Менухим не знал, что и ответить. Приносить дурные вести – не просто опасно, но и лишено мудрости. Принц и так знает, что его жизнь коротка. Все шахзаде рождаются с этим знанием. Пока отец на этом свете, их холят и лелеют. Ведь неизвестно, кто взойдет на престол. Кто останется после кровавой схватки с братьями. Потом участь принцев может быть весьма плачевной: они падут на землю со стуком сухой ветки…
Поэтому юноши наслаждаются всеми благами мира, пока могут. Если срок смертного короток, то у шахзаде еще короче. Что делает их чувства горячими, как пламя, а все картины мира – пленительными и яркими, как не бывает у обычных людей.
Наш принц подошел к краю своего пути. Звезды ни при чем. Родные – отец и дед – отправили его белому царю как аманата, которого можно казнить, чтобы смыть позор, который лег на всю Персидскую державу. Лишняя девушка на этом пути – только еще одна остановка, отсрочка неминуемого, отдых в шатре, разбитом на полях Гюлистана.
– Так что говорят звезды?
Менухим осклабился. Его острая, как у хорька, умная мордочка изобразила отчаяние, длинный нос подергивался, точно он высунул его из норки разведать погоду.
– Эта девушка сама соловей среди роз, – молвил он. – Ради нее не следует останавливаться. Есть буйные кобылицы Ахалциха, которые никогда не признают над собой руки седока. Такова эта дочь паши. Она блестит на солнце, привлекает глаза. Но с ней трудно справиться, а у вас так мало…
Он чуть не сказал: «времени». Принц укоризненно глянул на астролога. Глубокие черные глаза газели, длинные локоны «зюль» и гибкий стан придавали самому Хозрев-Мирзе сходство с гурией долин. Но упрямо пробивавшиеся над губой усики, привычка поминутно хвататься за рукоятку кинжала и широкие плечи сказали бы всякому недоверчивому, что перед ним мужчина. Каджарский принц. Хотя сами руки с девичьими перстами, унизанными тяжелыми кольцами… умереть от таких рук даже как-то стыдно.
– Не огорчайте шахзаде пустой болтовней, – потребовал от астролога Салех. – Если звезды не благоволят нам, мой господин, – обратился он к наследнику, – не велеть ли подать мокко? Опрокинем чашки. Посмотрим, что сулит гуща. Говорят, турки в этом весьма искусны. Но ведь научились они у нас!
Юноша радостно закивал. Зычный окрик Махмуд-паши заставил слуг пошевелиться. Вся комната наполнилась благословенным ароматом покоя. Как на резном балконе в тени виноградных лоз. Лукум, засахаренные орешки, лепестки роз в меду… Первые чашки быстро высохли.
Паши разом по повелительному жесту Салеха опрокинули их донышками кверху. Дав остаткам жижи стечь по стенке, сотрапезники перевернули белый фарфор и с самыми серьезными лицами заглянули внутрь. У каждого вышло свое. У посла Эмир-Казима – нечто, напоминающее длинную набережную с фонарем.

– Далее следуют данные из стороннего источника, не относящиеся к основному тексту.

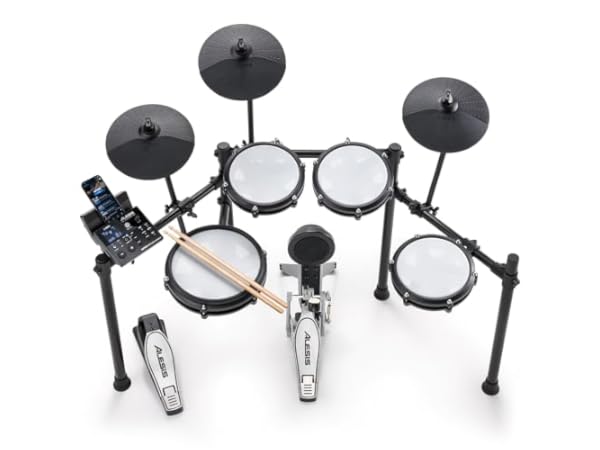 Bluetooth Electronic Drums thumbnail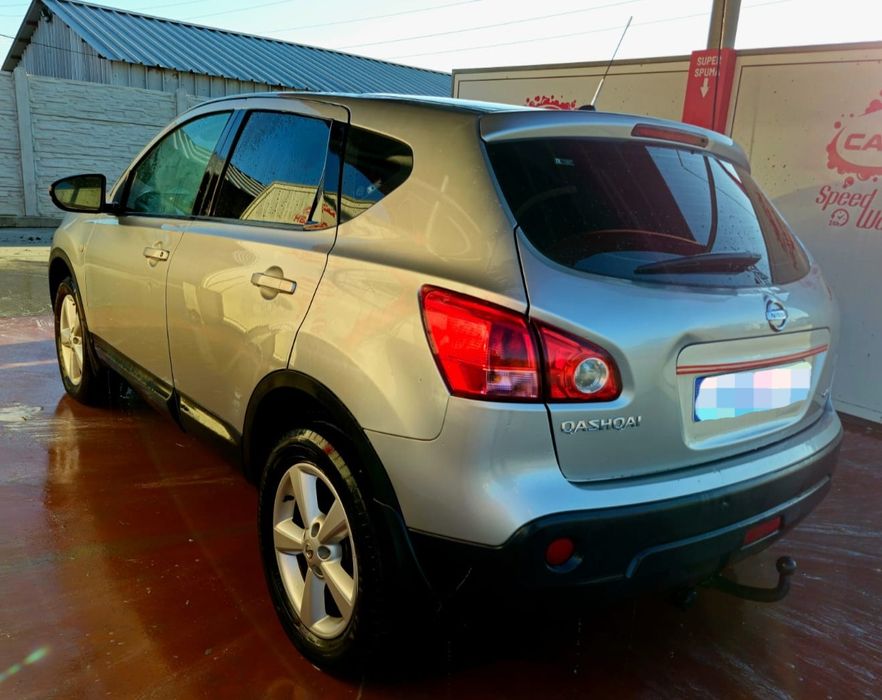 Nissan Qashqai dci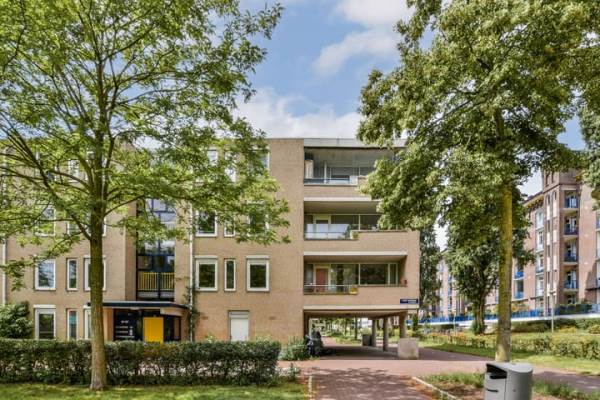Woning Hildo Kropplein 101 Amsterdam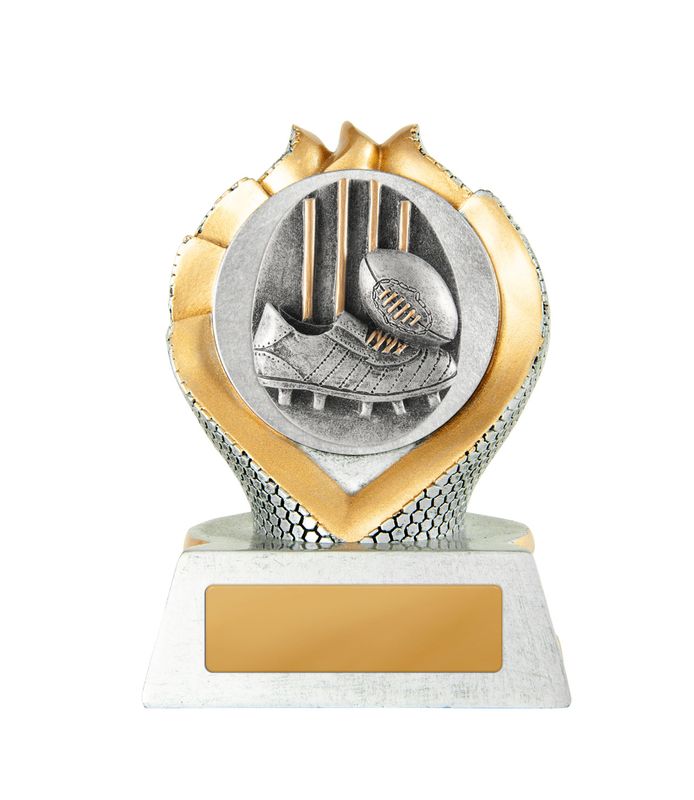 Aussie Rules Trophy 130mm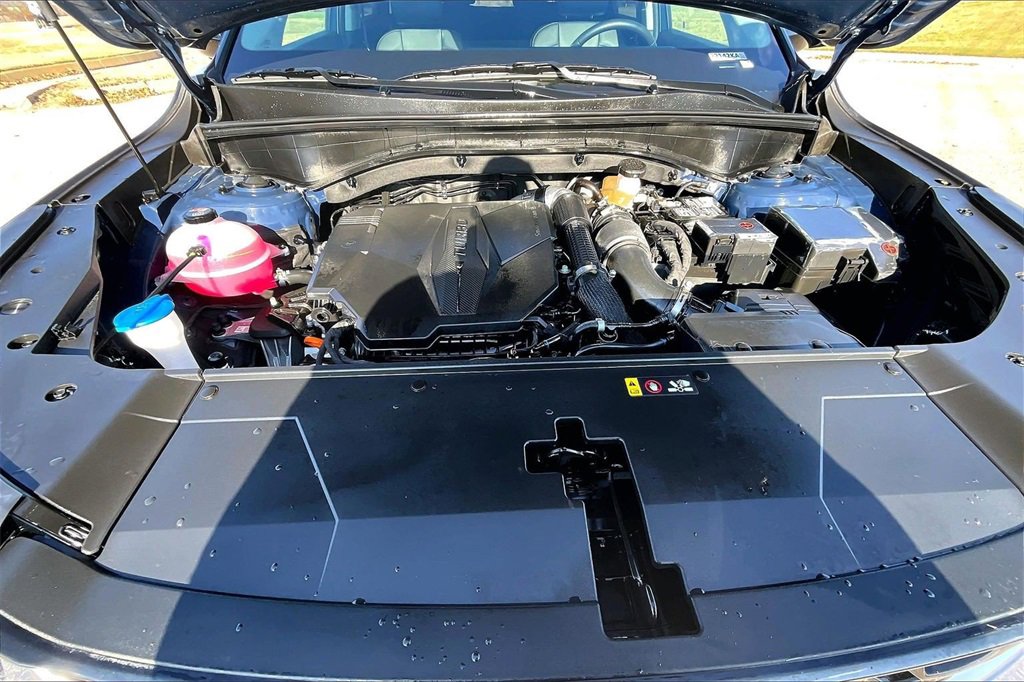 Used 2025 Kia Sorento SX image 9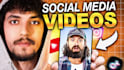 create your social media videos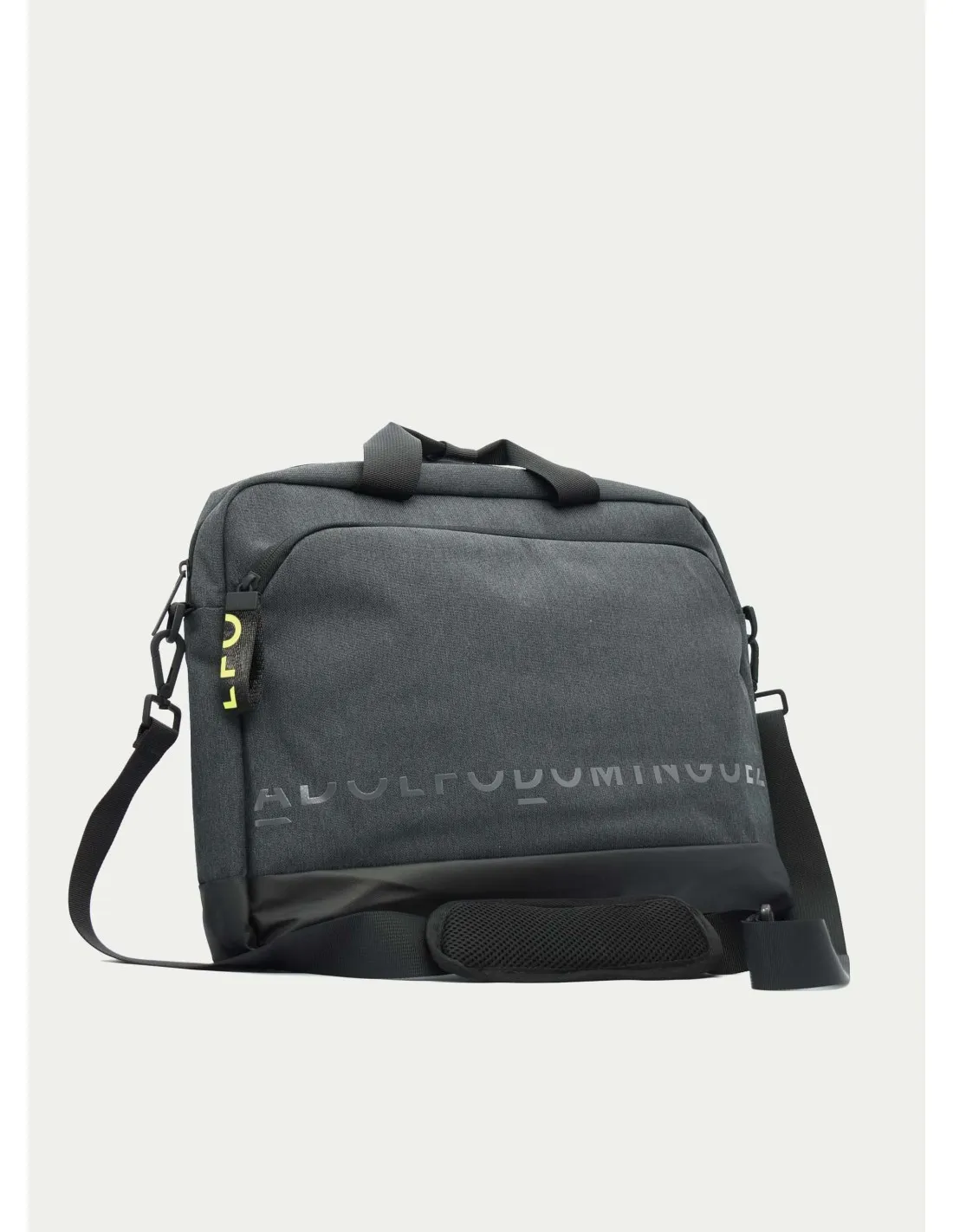 BOLSOS ADOLFO DOMINGUEZ 8330 GRIS 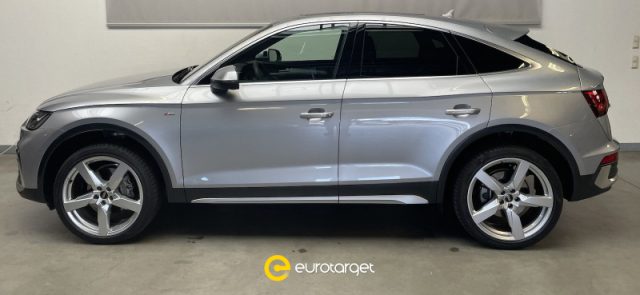 AUDI Q5 SPB 40 TDI quattro S tronic S line 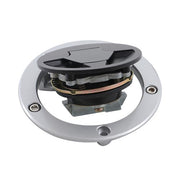 DURAFORCE Ignition Switch Fuel Gas Cap Lock Set For Kawasaki Ninja 1000 ZX10R Z1000SX ZX6R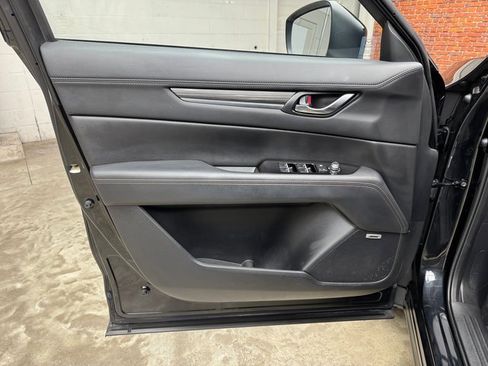 Used 2021 MAZDA CX-5 Grand Touring w/ GT Premium Package image 10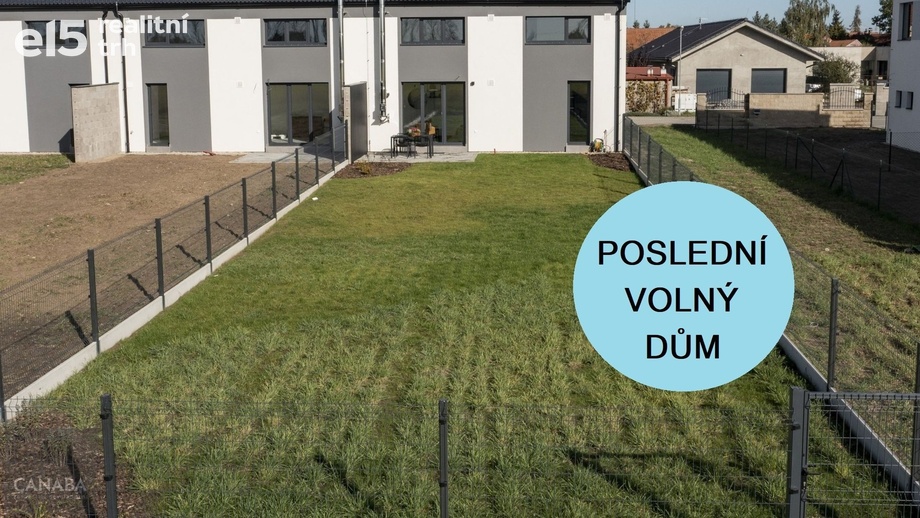 Prodej rodinné domy, 138 m² - Nymburk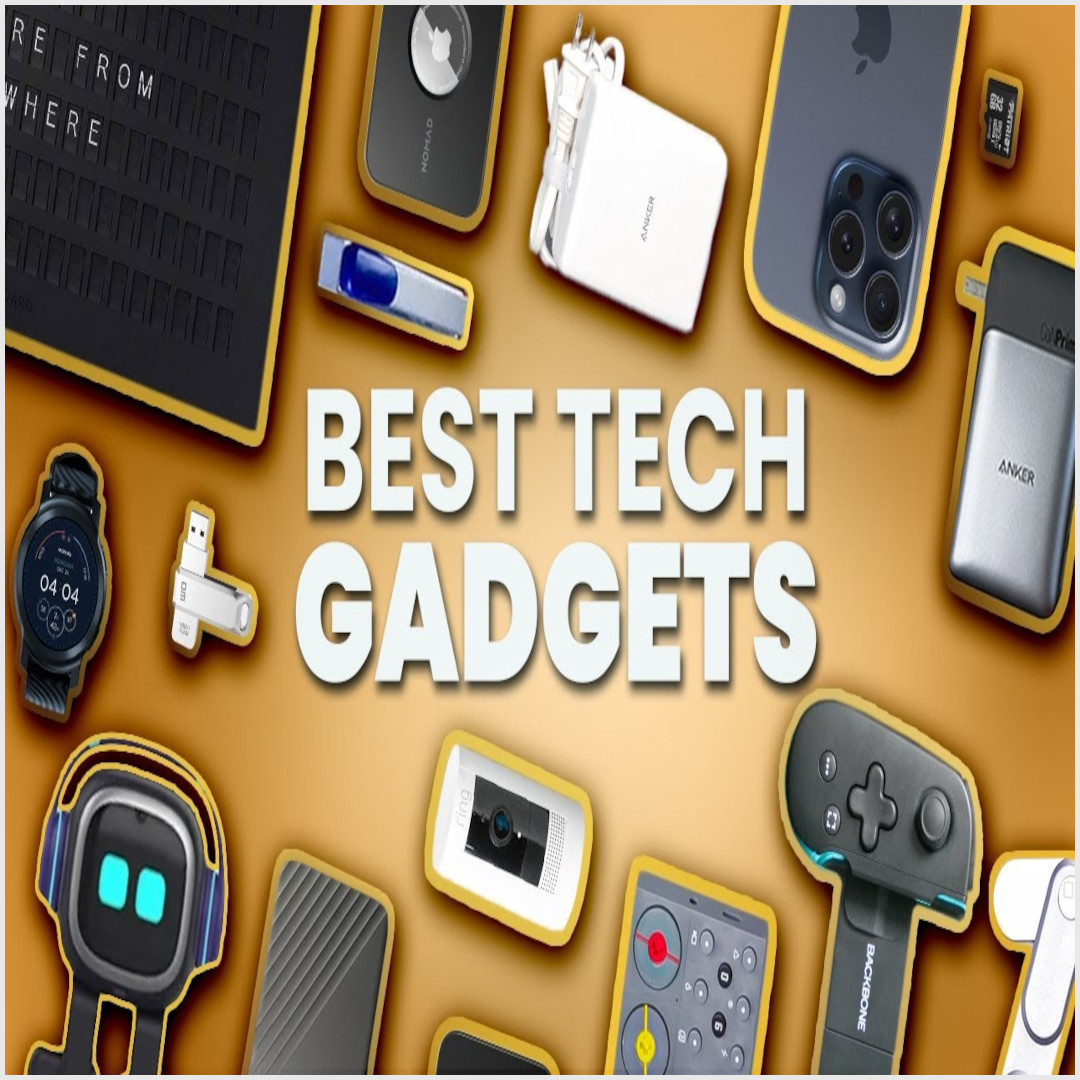 Technology Apps and Gadgets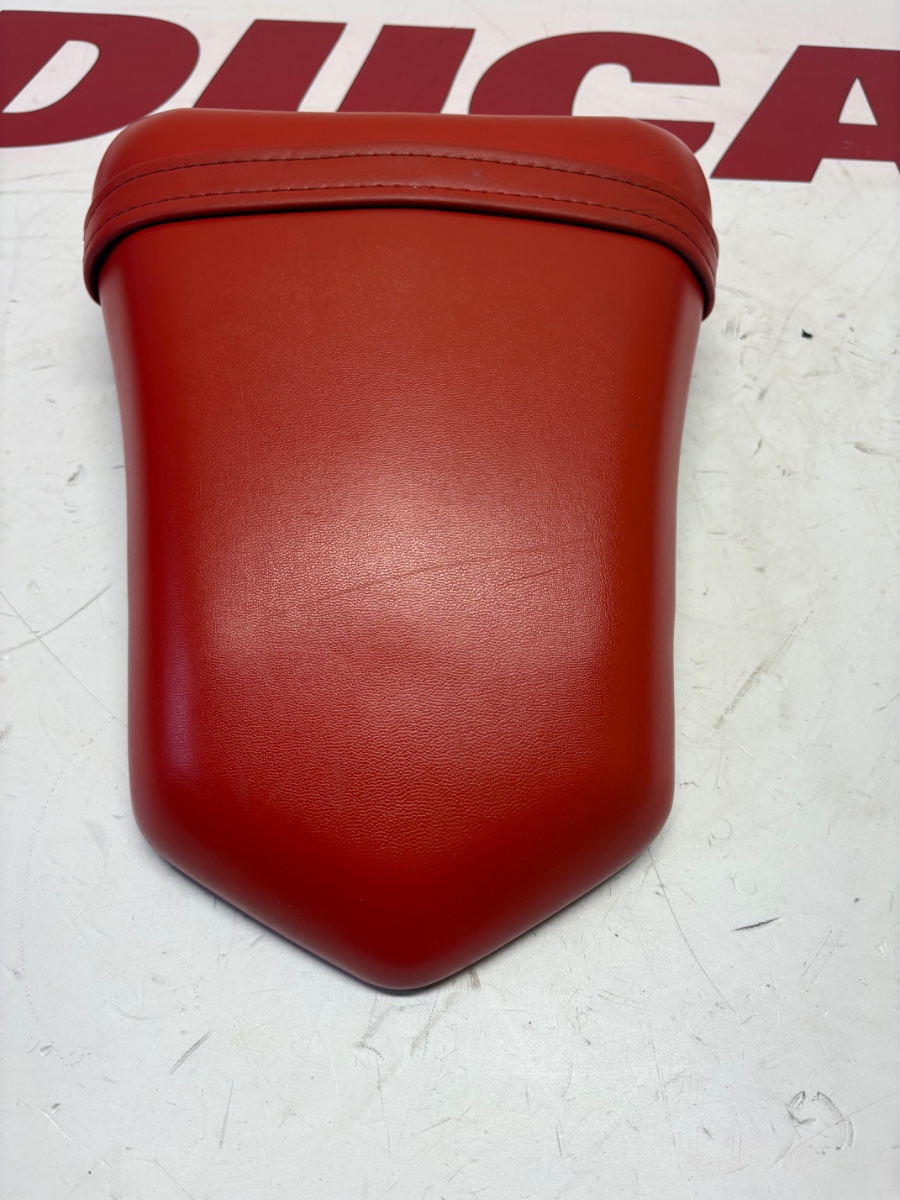 Ducati biposto passenger pillion seat RED 749 999 59510562AC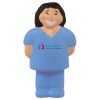 Infirmière/chirurgien du stress Femme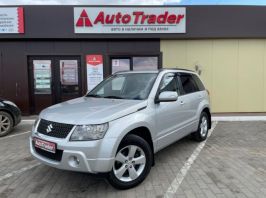 Grand Vitara 2.4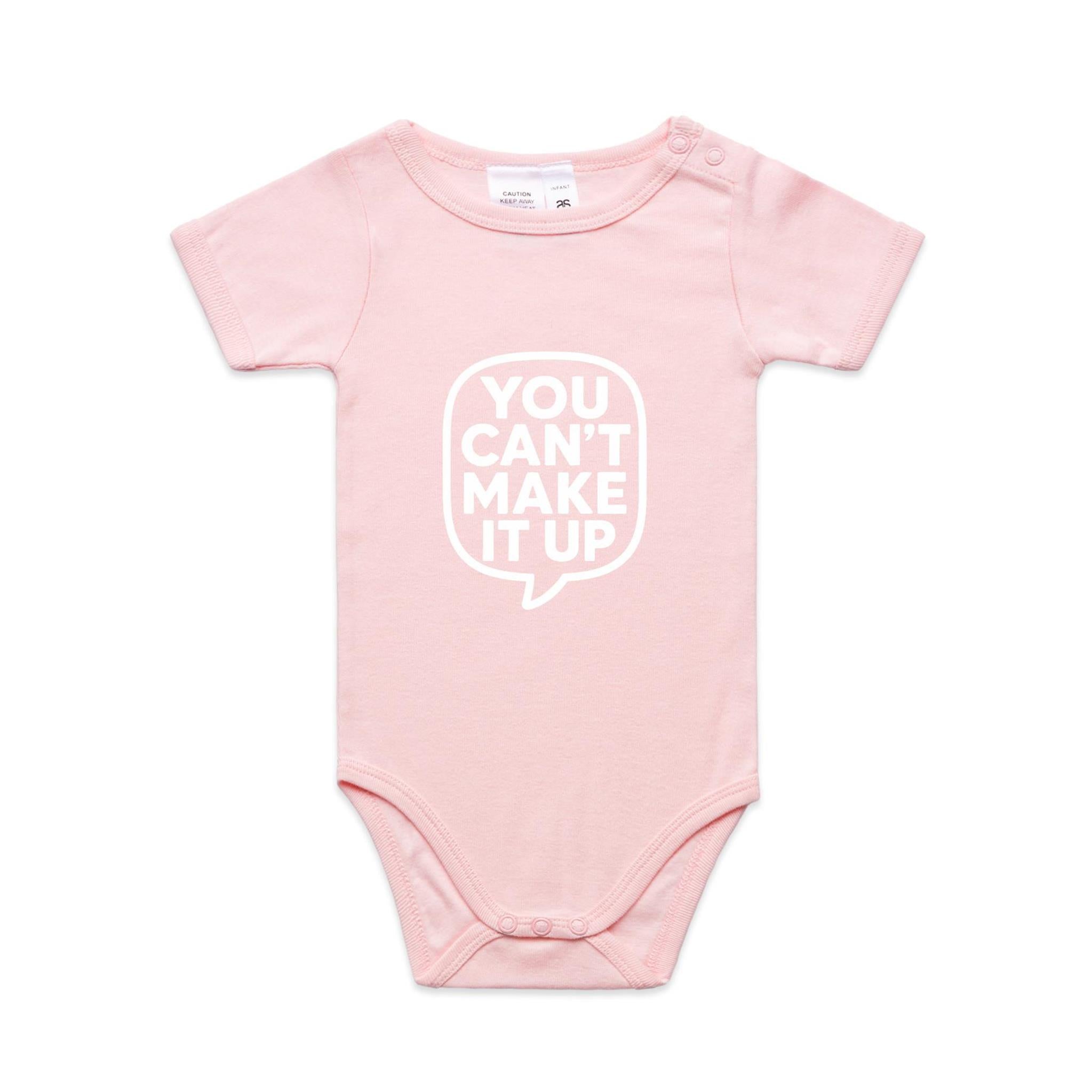 YCMIU Organic Infant Mini-Me One-Piece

– Мы едем в Петербург, – предложил разгадку принц.
У Салеха бурные волны.
– Возможно, вы вернетесь в Англию, – задумчиво сказал доктор, разглядывая рисунок. – Трижды благословенный путь.
Паша глянул на него с неудовольствием. Он сам вовсе не так любил Лондон, как этот хабиб, который учился там не только тайнам врачевания. Почти все, кто был на острове, впитывали там какое-то непонятное чувство, разъедающее душу, как туман легкие.
У самого доктора гуща на краю чашки образовала длинный мазок, напоминавший вырезанный из глотки язык, – ну, все же видели на рынке говяжьи внутренности.